• _Task description_:
From the first line to the last, print the material exactly, skipping the pictures.

• _Data shown_:
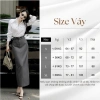 Áo sơ mi nữ trắng công sở cao cấp, phối chân váy dài form chuẩn, phong cách Hàn Quốc, giá ưu đãi 275k A2.517 9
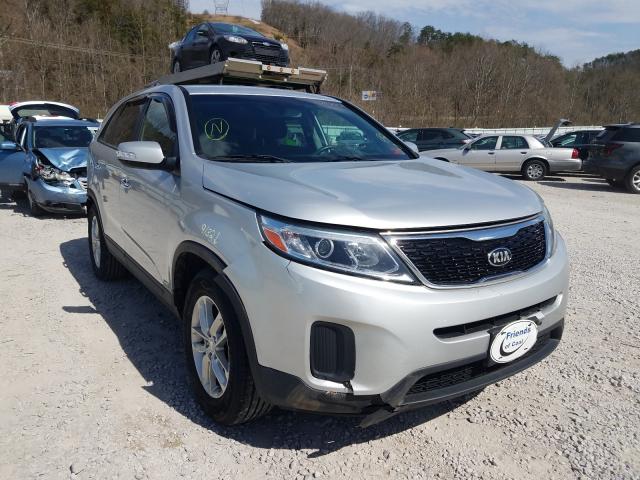 KIA SORENTO LX 2015 5xyktca68fg613653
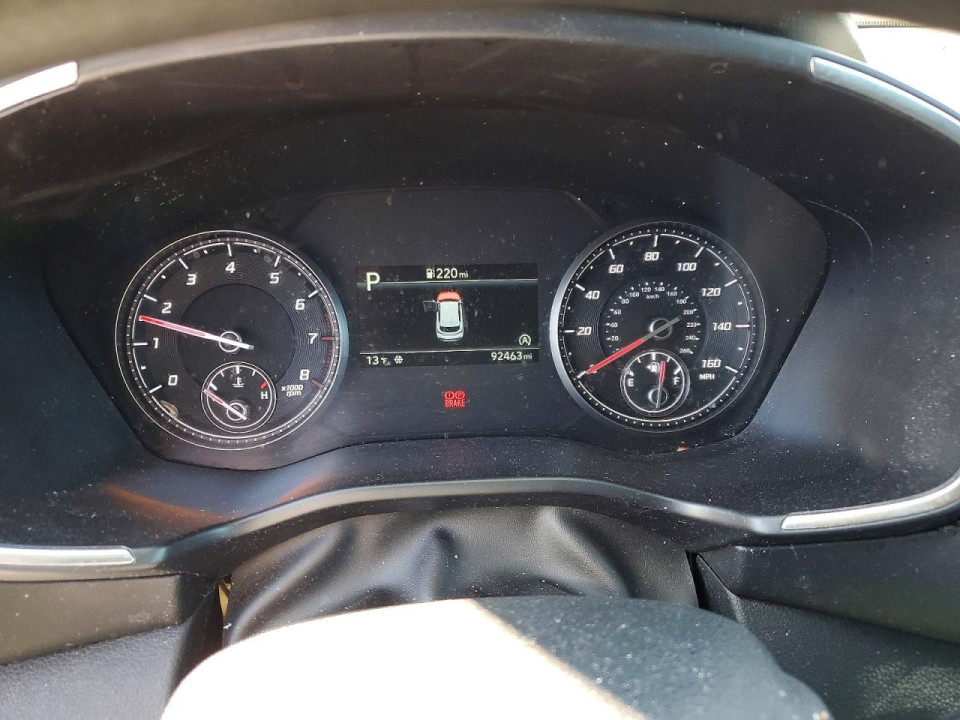 Hyundai SANTA FE 2021 — Copart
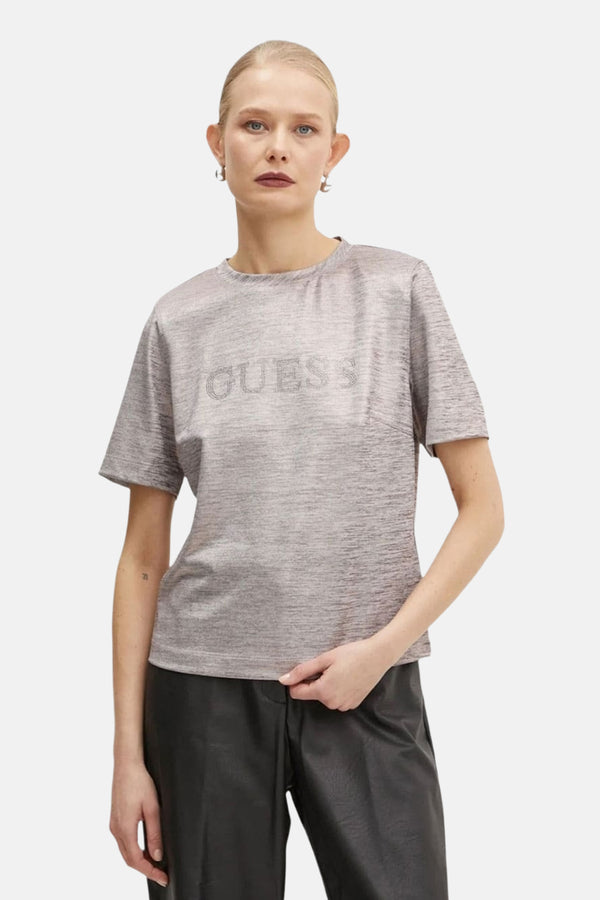T-shirt (korte mouwen) Roze - Guess®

• _Expected answer_:
 Áo sơ mi nữ trắng công sở cao cấp, phối chân váy dài form chuẩn, phong cách Hàn Quốc, giá ưu đãi 275k A2.517 9
 KIA SORENTO LX 2015 5xyktca68fg613653
 Hyundai SANTA FE 2021 — Copart
T-shirt (korte mouwen) Roze - Guess®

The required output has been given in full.